Indeed, on March 12, 2019, the military did just that, issuing a memorandum to begin enforcing the ban. The Supreme Court’s stay of the injunction, therefore, will impact the lives of numerous trans persons currently in the military and those who would like to join.  

At some level, the court’s actions were not surprising. Presidents are given broad discretion in implementing military policy, and concerns about military readiness are rarely second-guessed by the courts.

But the court’s action does highlight the importance of even the nondescript orders issued by the court, particularly those that say so little about the case in front of it.

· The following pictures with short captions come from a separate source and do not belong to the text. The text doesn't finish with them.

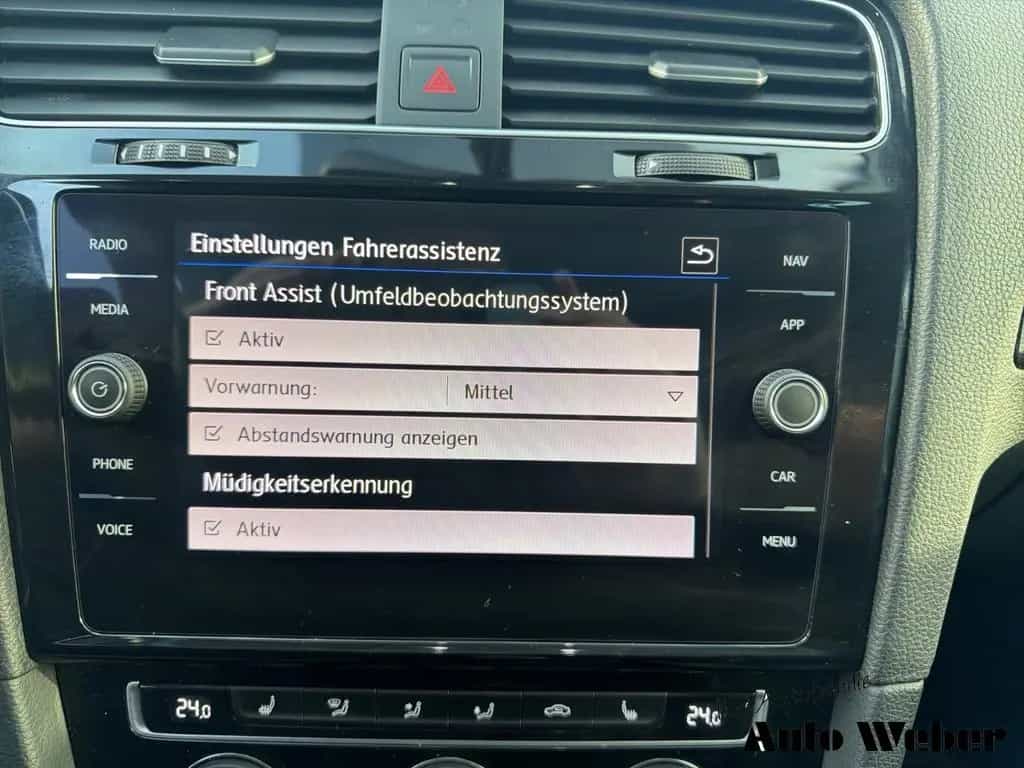 Volkswagen Golf VII 2.0 TDI Highline AHK Navi Soundsystem L 06/2020-photo-23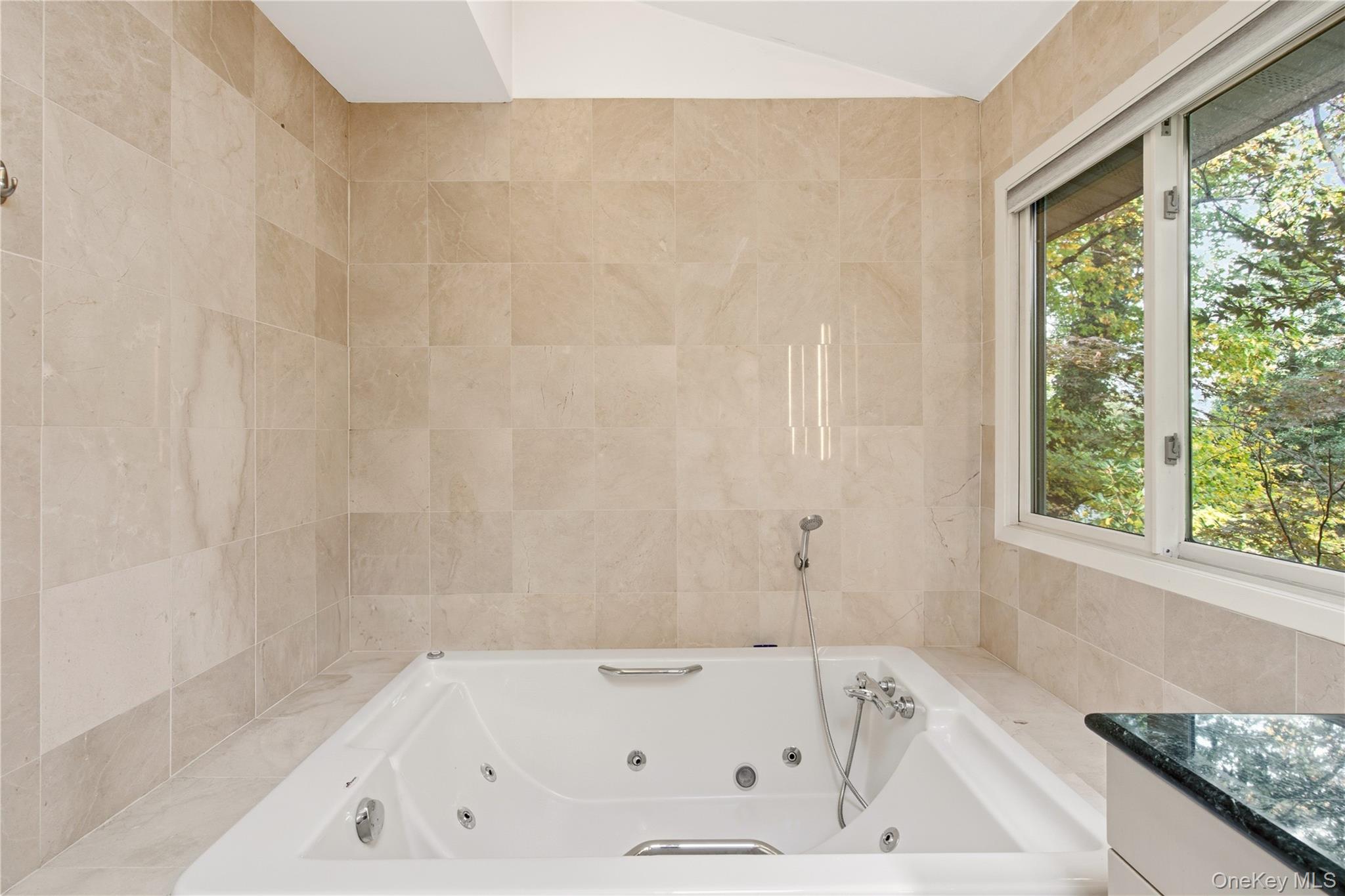 12 Sandy Hollow Road, Northport, NY, 11768 - 物件實景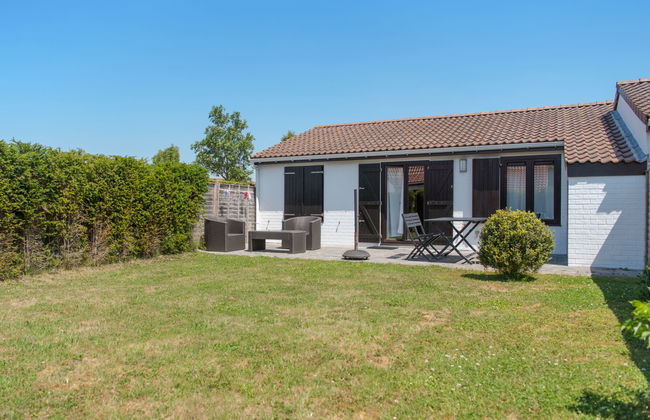 Enjoy with parking - Photo 1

And, for members of the lesbian, gay, bisexual, transgender and queer (LGBTQ) community, the court’s stay of the injunction is a harbinger of difficult times in the future. Although the Supreme Court ushered in national marriage equality in 2015, Justice Kennedy’s retirement and the appointment of Justice Kavanaugh have made many fear not merely the halt of the advancement of LGBTQ rights, but potential regression. In its October 2019 term, the court will address whether federal nondiscrimination laws protect against discrimination based on sexual orientation and gender identity. The Supreme Court’s action on the military ban does not leave LGBTQ persons feeling hopeful. And who knows whether some states will pass laws banning marriage equality in hopes of reversing that decision.

The tea leaves at times can be found not in the Supreme Court’s lengthy decisions but also in its nondescript orders.